■ Requirement ■
Return only that part of the material below which starts with the line containing "Lucknow: लखनऊ मेट्रो" and goes on through the line containing "Grå Begagnad 2022", restated exactly.

** Opening Source records block **

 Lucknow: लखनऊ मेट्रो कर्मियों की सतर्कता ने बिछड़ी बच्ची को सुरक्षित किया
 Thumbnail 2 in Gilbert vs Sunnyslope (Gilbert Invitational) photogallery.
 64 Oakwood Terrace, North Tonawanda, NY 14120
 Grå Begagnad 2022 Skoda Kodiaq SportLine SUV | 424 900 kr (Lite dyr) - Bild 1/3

** Closing Source records block **
** Opening Source records block **

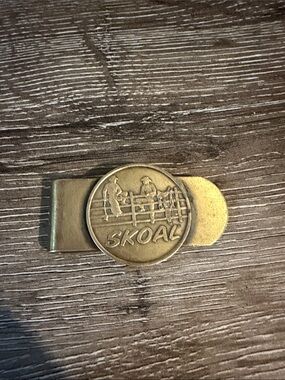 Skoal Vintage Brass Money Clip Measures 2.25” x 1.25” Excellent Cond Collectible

** Closing Source records block **
** Opening Source records block **

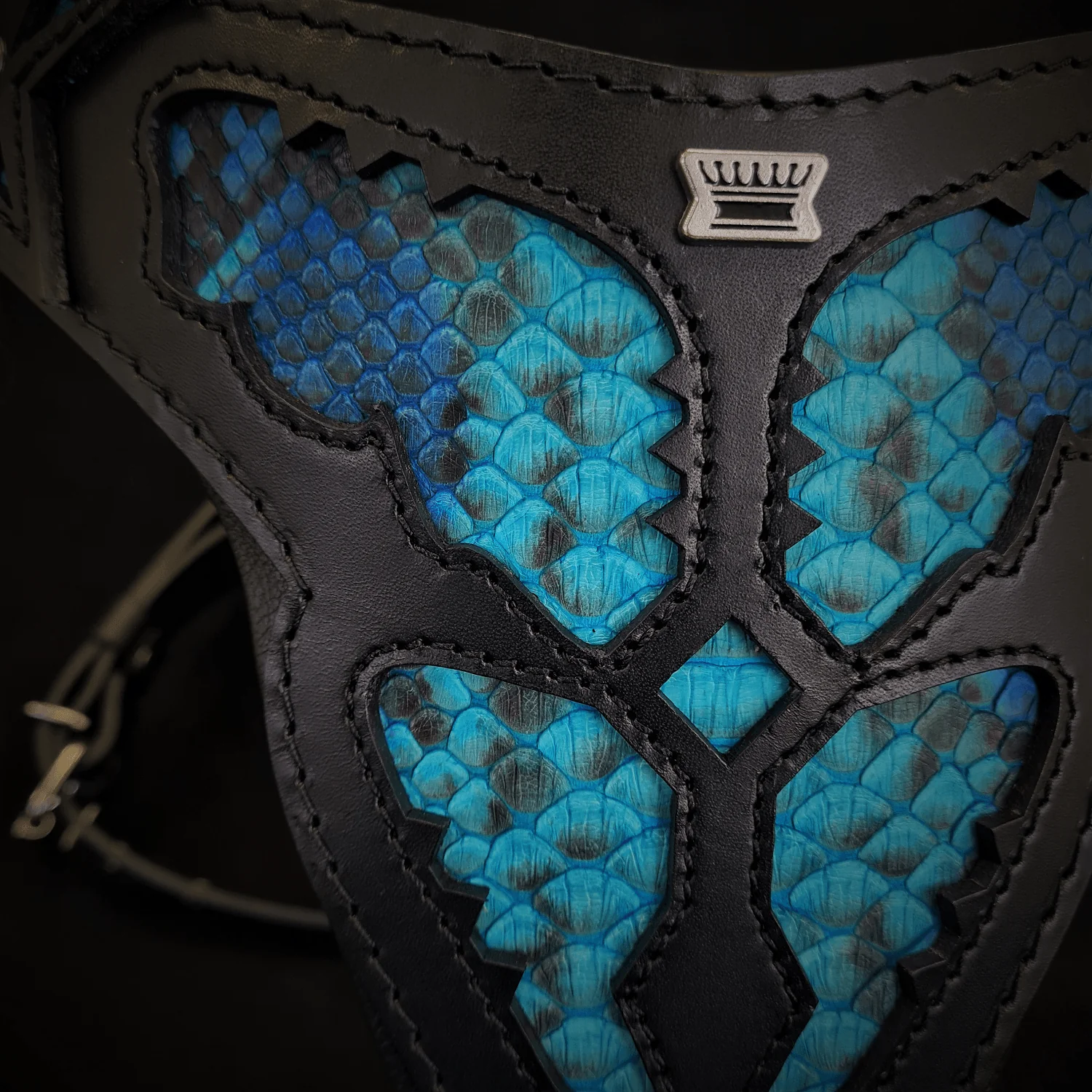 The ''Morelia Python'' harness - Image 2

** Closing Source records block **

■ Task response ■
 Lucknow: लखनऊ मेट्रो कर्मियों की सतर्कता ने बिछड़ी बच्ची को सुरक्षित किया
 Thumbnail 2 in Gilbert vs Sunnyslope (Gilbert Invitational) photogallery.
 64 Oakwood Terrace, North Tonawanda, NY 14120
 Grå Begagnad 2022 Skoda Kodiaq SportLine SUV | 424 900 kr (Lite dyr) - Bild 1/3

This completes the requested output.